BC Ferries posted a revised schedule of the run between Horseshoe Bay and Snug Cove this week. The new schedule shows the cancellation of the 5:30am and 7:30am sailings from Snug Cove on Saturdays and Sundays, as well as the 7pm Snug Cove departure on Saturday and the 8pm Snug Cove departure on Sunday. Four sailings from Horseshoe Bay have also been cut from the weekend mornings and evenings.
Adam Holbrook, the chair of the Bowen Island Ferry Advisory Committee (BIMTAC), calls the cuts arbitrary but says that this schedule is an improved version of the one set out in the consultation document put out by BC Ferries in November.
“In mid-March, we met with them and they offered a revised version of the schedule which met our basic objectives,” said Holbrook, explaining that the municipality’s “basic objective” was to hold on to some early.
“It was at this meeting, in mid-March, that we realized that BC Ferries is determined to cut sailings,” says Holbrook.
He adds that, there is no way of knowing whether BC Ferries will save more or less, or how much more they will save than their goal of $270 thousand per year on this route.
“They won’t tell us how much a single sailing costs,” says Holbrook. “BC Ferries claims that any information about their operational costs is confidential, and the only way we could access it would be through a Freedom of Information request.”
Given the lack of information available, Holbrook says it is impossible to calculate the potential cost-savings of various solutions, such as home-porting the Queen of Capilano on Bowen, or making two-lane loading a possibility, thereby cutting the amount of time it takes to get cars on and off the ferry.
He says that BIMTAC will be looking at the public numbers that will become available once BC Ferries submits documents pertaining to upcoming contract negotiations.
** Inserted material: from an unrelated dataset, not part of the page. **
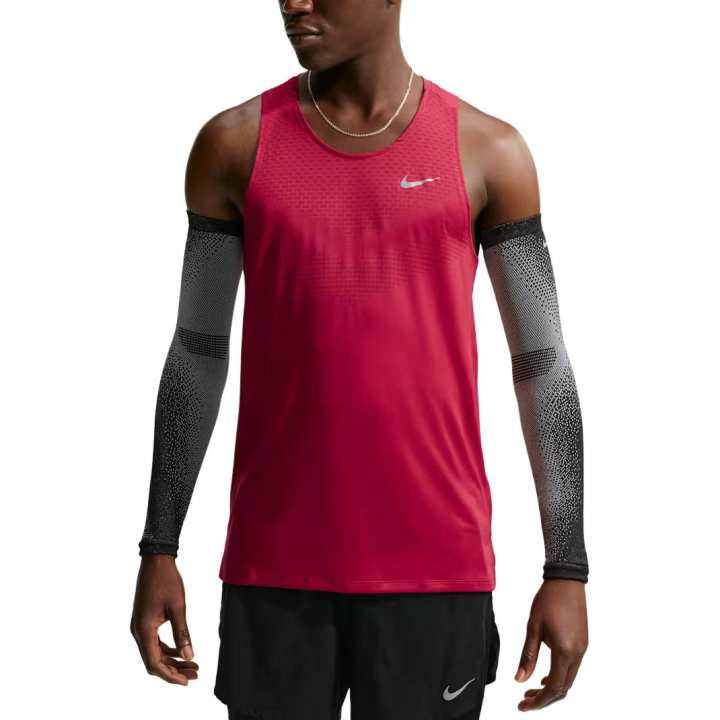 Nike Nike Dri FIT ADV Running Tank Tops Men's Strengthening Red Crew Neck Moderate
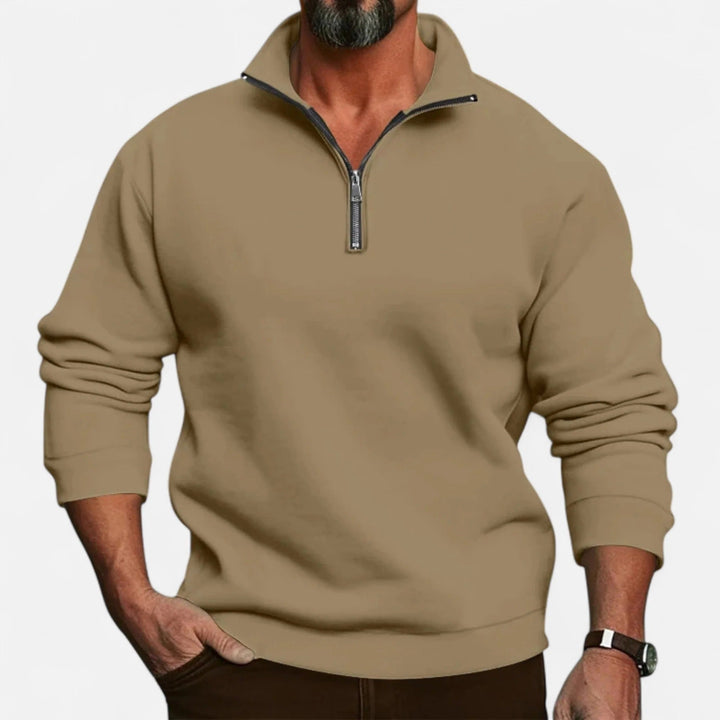 Men's Half-Zip Pullover with Stand-Up Collar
This will likely happen in September,
“This is very complicated, and we shouldn’t have to do it,” says Holbrook.
In the meantime, Holbrook says he and Mayor Adelaar intend to bring up the issue of information, and the lack of it, with Transportation Minister Todd Stone at their meeting with him this Friday.
Holbrook says that he and the mayor also intend to discuss ways that BC Ferries could serve Bowen better.
“Maybe having two smaller ferries going back and forth to Bowen might be more efficient than having just one big one. The Queen of Capilano should be going in for a re-fit in 2015, and we should have the opportunity to try new things.”
Holbrook says that most importantly, he wants the meeting with Minister Stone to be a “constructive” one, and he wants to see Bowen Island take the ferries issue more seriously, and approach the issue with a view toward long-term solutions.